For one reason or another, the schedule in La semaine à Radio-Canada did not contain any information on the content of the 1 May program. During the following broadcast, Everard, and the host of Plein Ciel presented a short film on the history of the helicopter. There were also free flight demonstrations with scale models. Young viewers could watch a short film about a visit to Harmon Air Force Base, a USAF base in Newfoundland, during the 15 May broadcast. They also received information on the winners of a mystery aircraft contest. The visit and contest were back on the air on 22 May, with a presentation on the history of the helicopter as an extra.
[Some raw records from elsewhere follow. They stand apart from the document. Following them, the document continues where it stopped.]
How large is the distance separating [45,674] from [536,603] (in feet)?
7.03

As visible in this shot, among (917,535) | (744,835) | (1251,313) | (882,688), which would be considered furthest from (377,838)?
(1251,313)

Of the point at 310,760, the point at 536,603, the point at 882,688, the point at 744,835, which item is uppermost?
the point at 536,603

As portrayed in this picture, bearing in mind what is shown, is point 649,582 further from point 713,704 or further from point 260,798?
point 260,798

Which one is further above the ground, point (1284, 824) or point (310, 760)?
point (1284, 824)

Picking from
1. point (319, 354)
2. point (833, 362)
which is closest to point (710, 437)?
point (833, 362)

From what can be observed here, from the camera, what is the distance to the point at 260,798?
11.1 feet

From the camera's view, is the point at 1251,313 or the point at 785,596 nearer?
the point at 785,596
A visit to an aviation museum in Mountain View, Ontario, in all likelihood the RCAF’s collection of historic aircraft, was the main event of the 29 May broadcast. The show also included short segments dedicated to an aircraft from this collection, a Royal Aircraft Factory B.E.2, and to winners of a mystery aircraft contest. By the way, this B.E.2 is now part of the superb collection of the Canada Aviation and Space Museum. In fact, the vast majority of aircraft in the RCAF’s historical aircraft collection are now part of the museum’s collection. You will be glad to read (or not), my reading friend, that yours truly is thinking about cogitating some text on the B.E.2 of the museum, in a relatively distant future.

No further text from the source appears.